Stored items

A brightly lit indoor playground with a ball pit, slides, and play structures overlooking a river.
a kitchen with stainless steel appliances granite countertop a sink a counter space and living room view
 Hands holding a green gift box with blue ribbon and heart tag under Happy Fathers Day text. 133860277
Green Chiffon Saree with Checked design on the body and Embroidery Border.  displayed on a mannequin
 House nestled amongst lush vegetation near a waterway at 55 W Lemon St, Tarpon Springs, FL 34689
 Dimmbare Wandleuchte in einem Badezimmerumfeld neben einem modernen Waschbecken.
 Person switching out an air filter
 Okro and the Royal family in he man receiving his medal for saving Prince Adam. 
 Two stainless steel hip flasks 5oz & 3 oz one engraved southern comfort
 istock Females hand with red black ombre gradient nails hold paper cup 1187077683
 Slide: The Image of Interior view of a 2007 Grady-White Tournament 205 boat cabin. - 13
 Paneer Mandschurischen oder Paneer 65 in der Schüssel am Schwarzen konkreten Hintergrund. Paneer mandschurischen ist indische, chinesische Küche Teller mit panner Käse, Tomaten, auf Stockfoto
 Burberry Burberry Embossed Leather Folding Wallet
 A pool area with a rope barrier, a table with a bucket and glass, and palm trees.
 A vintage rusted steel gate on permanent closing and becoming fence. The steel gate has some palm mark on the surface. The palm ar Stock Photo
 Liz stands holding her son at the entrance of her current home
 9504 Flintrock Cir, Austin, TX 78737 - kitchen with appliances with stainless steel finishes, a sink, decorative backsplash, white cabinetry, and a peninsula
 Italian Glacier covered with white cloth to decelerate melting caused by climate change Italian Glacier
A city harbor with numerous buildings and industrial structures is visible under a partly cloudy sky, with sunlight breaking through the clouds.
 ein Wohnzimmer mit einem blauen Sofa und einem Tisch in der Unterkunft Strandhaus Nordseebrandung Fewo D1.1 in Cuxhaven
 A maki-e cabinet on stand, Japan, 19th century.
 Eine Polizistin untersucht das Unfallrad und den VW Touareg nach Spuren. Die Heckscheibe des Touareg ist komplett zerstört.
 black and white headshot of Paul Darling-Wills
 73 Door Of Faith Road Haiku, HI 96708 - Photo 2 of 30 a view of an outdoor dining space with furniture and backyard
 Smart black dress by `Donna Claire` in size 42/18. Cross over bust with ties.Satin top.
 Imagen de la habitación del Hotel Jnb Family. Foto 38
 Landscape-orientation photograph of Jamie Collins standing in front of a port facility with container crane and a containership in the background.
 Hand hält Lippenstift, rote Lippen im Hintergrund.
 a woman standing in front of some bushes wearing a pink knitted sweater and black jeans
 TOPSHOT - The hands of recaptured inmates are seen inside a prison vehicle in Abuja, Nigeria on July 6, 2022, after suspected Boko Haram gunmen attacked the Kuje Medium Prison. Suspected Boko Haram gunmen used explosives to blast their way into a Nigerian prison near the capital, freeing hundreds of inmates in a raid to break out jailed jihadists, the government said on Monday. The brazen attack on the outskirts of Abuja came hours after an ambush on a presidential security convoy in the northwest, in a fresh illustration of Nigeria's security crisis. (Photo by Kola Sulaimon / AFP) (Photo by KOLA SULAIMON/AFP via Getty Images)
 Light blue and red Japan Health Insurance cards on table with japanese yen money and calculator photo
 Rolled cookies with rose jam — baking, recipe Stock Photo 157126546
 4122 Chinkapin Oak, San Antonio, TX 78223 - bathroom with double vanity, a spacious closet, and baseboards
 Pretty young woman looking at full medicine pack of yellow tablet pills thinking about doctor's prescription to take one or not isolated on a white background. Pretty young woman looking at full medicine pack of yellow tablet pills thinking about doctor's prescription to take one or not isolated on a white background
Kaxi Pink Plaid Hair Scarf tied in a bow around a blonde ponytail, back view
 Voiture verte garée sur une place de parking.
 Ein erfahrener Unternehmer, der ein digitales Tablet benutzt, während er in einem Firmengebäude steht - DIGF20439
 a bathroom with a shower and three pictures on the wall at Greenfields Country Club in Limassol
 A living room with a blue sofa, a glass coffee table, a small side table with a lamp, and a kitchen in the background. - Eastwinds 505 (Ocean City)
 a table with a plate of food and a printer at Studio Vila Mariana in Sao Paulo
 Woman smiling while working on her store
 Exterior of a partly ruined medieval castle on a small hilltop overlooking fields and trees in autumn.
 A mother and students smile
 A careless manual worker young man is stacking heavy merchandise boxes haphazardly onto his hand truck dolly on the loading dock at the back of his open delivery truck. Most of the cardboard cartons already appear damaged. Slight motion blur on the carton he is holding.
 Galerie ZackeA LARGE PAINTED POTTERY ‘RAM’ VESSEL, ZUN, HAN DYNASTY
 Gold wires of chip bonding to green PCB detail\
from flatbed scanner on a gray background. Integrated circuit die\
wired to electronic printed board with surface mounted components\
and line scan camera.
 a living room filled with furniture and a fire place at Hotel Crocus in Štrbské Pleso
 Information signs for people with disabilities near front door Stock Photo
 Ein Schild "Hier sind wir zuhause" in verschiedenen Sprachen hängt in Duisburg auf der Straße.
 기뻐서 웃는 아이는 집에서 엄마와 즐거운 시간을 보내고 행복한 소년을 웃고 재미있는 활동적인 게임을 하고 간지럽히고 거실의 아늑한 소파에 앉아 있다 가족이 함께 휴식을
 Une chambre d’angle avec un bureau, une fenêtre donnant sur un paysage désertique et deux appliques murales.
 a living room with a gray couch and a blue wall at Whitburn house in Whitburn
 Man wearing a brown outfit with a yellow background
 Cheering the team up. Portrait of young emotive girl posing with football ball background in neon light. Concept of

◆ Task
Within the data above, pick out all lines holding the word "Hintergrund".

◆ Task response
 Paneer Mandschurischen oder Paneer 65 in der Schüssel am Schwarzen konkreten Hintergrund. Paneer mandschurischen ist indische, chinesische Küche Teller mit panner Käse, Tomaten, auf Stockfoto
 Hand hält Lippenstift, rote Lippen im Hintergrund.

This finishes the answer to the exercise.